Dice el gran Gonzalo Suárez que hay que inventar la realidad, igual que la inventábamos de niños. No puedo estar más de acuerdo. Sé que, a estas alturas, es más difícil, pero ¿qué no lo es? En realidad, quizá más aún en la adolescencia que en la niñez, ante aquel paisaje gris que no se correspondía en absoluto con nuestros deseos e inquietudes, algunos era lo que hacíamos. Inventar la realidad. Colorearla. Darle sentido. Nada como la literatura y el cine para ello. No sólo cuando estábamos leyendo o viendo una película en la penumbra de una sala o del salón de la casa de nuestros padres, sino después. Cuando ya habíamos cerrado el libro o los títulos de crédito habían aparecido en la pantalla y sonaba una música y las luces de la sala empezaban a encenderse, o nuestro padre irrumpía en el salón para decirnos que ya era hora de que nos fuéramos para la cama. Ahí venía lo bueno. Ahí siempre salían las cosas como tú querías, como deseabas. Inventando la realidad. Coloreándola. Dándole sentido. No había mejor cosa. Escribiendo, claro, también inventabas la realidad, la que a ti te interesaba. Qué placer. Habitar en aquellos mundos que imaginabas y plasmabas en un papel. Ahí podía suceder todo lo que revoloteaba por tu cabeza. No había límites. El resto del mundo podía quedarse fuera, donde mejor le apeteciese, no me interesaba. Que un chico te gustaba y no te hacía caso o no era gay, qué importaba (bueno, sí importaba), en la historia que tú inventabas, aunque terminase mal (dependiendo de la tendencia al drama del momento), sí lo hacía.

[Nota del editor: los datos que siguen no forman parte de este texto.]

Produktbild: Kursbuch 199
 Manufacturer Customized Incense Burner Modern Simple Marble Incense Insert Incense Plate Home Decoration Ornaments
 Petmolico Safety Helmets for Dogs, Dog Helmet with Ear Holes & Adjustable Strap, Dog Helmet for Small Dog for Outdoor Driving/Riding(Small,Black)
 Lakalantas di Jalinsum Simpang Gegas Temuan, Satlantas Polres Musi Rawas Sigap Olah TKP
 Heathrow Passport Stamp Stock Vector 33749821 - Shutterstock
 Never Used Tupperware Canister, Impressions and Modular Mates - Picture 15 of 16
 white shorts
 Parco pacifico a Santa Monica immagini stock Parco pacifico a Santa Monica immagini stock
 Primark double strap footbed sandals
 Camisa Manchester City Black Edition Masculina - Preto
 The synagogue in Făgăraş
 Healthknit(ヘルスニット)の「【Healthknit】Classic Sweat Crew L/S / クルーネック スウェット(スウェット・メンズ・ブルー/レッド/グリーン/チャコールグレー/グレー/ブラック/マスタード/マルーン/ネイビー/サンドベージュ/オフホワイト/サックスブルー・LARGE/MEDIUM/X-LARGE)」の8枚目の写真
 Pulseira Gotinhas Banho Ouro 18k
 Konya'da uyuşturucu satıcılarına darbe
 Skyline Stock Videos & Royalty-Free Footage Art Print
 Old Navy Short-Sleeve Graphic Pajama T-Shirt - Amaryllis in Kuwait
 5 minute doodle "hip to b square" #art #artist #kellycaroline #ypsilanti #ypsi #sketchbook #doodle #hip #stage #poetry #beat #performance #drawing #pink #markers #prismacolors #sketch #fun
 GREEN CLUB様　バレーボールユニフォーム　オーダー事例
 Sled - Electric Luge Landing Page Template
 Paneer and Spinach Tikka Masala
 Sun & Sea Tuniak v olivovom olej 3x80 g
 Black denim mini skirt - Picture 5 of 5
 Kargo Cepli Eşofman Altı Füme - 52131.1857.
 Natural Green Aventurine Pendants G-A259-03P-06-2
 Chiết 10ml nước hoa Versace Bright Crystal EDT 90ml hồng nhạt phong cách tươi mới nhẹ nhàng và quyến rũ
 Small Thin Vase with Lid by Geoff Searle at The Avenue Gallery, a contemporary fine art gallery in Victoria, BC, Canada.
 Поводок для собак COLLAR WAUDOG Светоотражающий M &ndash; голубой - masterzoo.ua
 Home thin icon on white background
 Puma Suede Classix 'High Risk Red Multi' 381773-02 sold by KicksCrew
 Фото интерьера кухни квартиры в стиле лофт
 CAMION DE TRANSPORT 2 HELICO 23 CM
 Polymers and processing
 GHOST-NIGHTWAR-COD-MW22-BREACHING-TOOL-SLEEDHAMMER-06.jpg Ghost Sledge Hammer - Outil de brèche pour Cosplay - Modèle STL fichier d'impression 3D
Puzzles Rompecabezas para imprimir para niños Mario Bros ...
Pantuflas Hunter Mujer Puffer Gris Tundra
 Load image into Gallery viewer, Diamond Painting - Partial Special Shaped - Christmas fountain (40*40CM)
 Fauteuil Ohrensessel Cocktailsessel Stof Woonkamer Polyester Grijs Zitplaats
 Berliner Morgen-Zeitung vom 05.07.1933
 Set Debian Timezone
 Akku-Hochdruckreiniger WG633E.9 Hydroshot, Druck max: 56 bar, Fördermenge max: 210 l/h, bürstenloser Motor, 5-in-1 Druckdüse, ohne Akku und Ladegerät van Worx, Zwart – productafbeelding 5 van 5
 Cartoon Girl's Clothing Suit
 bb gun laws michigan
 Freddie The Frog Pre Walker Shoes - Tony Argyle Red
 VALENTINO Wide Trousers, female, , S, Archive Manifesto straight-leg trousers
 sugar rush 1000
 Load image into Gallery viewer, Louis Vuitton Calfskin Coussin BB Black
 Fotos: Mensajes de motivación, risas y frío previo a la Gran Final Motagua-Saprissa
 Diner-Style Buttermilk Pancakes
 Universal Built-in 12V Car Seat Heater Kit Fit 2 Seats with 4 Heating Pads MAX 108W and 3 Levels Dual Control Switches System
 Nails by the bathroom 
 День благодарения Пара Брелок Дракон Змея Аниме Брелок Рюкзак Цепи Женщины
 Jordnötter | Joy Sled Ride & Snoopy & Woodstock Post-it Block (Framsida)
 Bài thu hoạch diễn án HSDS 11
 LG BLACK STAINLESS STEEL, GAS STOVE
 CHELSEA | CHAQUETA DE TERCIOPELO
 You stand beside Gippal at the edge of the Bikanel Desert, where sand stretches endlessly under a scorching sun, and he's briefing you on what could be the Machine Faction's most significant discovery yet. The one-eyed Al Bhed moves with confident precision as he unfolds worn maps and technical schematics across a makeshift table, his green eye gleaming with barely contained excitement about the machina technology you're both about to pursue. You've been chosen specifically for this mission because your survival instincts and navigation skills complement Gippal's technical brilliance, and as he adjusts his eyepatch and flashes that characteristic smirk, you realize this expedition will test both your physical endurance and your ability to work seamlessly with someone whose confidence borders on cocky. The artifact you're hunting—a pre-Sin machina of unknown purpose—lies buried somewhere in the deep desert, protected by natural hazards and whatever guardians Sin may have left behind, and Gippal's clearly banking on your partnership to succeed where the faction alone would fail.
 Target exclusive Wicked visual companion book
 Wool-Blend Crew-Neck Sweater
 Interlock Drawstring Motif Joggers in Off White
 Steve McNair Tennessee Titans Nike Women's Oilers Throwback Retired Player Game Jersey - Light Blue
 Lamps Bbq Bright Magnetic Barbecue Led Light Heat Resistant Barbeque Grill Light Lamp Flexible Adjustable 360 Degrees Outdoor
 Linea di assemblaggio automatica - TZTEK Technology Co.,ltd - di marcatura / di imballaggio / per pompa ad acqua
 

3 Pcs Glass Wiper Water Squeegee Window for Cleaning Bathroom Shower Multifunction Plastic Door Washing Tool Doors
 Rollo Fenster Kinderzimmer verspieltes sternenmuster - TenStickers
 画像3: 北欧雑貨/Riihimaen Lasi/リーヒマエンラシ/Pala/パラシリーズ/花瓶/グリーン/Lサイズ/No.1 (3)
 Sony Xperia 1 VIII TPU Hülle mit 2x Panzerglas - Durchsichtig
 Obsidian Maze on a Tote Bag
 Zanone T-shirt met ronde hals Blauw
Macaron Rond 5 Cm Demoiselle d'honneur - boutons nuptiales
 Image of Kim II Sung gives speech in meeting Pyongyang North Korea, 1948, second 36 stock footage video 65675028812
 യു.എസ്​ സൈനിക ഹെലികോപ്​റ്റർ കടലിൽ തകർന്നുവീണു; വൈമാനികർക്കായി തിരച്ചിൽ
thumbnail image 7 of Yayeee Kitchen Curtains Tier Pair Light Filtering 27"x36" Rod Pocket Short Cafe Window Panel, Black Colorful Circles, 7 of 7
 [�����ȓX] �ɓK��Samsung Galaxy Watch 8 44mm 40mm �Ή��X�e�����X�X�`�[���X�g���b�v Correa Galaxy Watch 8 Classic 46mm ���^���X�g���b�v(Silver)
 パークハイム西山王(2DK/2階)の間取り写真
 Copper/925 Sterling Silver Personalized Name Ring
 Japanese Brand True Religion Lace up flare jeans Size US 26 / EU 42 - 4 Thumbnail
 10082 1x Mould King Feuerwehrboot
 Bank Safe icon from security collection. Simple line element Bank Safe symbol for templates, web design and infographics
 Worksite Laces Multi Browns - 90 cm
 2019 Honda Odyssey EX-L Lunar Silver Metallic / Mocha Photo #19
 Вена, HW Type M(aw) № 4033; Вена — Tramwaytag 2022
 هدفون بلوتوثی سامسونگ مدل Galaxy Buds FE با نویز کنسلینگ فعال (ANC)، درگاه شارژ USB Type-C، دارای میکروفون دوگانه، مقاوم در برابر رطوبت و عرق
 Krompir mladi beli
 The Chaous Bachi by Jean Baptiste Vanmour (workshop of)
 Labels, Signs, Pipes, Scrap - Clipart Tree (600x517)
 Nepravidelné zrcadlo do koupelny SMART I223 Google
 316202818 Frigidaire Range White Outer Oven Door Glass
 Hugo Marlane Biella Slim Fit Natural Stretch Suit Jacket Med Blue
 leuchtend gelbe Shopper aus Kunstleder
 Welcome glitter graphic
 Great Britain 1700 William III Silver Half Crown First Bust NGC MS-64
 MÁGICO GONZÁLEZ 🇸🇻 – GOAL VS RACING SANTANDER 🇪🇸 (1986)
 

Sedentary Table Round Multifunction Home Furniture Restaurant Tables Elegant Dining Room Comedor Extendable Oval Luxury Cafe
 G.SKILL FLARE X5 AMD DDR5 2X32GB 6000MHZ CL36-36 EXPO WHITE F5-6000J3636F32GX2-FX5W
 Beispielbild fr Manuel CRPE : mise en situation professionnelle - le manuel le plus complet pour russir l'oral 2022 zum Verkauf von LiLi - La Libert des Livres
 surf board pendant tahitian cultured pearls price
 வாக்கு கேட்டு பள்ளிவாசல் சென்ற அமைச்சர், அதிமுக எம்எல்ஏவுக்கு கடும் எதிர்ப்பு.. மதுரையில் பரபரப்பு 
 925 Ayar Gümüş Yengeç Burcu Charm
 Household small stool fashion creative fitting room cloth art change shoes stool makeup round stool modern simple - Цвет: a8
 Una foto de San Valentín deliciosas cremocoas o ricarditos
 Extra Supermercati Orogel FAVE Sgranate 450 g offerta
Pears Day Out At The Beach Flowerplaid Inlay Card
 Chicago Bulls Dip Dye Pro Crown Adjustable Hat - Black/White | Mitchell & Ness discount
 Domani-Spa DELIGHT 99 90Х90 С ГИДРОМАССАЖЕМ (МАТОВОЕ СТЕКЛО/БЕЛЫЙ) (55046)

He pensado en ello estos días en los que Robert De Niro ha cumplido 70 años (qué vértigo, el tiempo, una vez más). Hace 20 años, más o menos, había un chico mucho mayor que yo que me gustaba y que se parecía a Robert De Niro. Nunca me hizo el más mínimo caso. Cosas que pasan. Pero no importaba (bueno, sí): ahí estaba el verdadero, en la sala de cine, esperándome. A mi amiga María, que también estaba enamorada de Robert (del auténtico) y a mí. No había película suya que me perdiese. El Robert De Niro auténtico me hacía olvidar al otro, que, si me fijaba bien, tampoco se parecía tanto. Luego, en mis relatos, en la imaginación, volvía a parecerse. Y mucho. El chico que me gustaba era un calco del auténtico Robert (se parecía bastante, siendo sinceros). Y así, la realidad, la que inventaba por las noches, hacía que la otra, la que tocaba vivir, fuese más llevadera. Todo el mundo ha pasado por ello, supongo. Cuando, a principios de mes, me compraba el Fotogramas y anunciaban una película de De Niro, no hacía más que contar los días para ir a verla. El viernes, en la primera sesión, allí estaba yo. Era uno de esos actores que, hiciese lo que hiciese, nunca dejaba de ir a ver sus películas. Por sí mismo y por la fantasía que me provocaba. Durante un tiempo, siendo honestos, más por la fantasía.
Los años fueron pasando y Robert De Niro fue envejeciendo y el chico que se parecía a Robert De Niro, también. Luego, reales o platónicos, vinieron otros amores (¡qué lejano parece todo eso!). Pero ésa ya es otra historia. Quizá algún día la escriba: inventando la realidad, desde luego.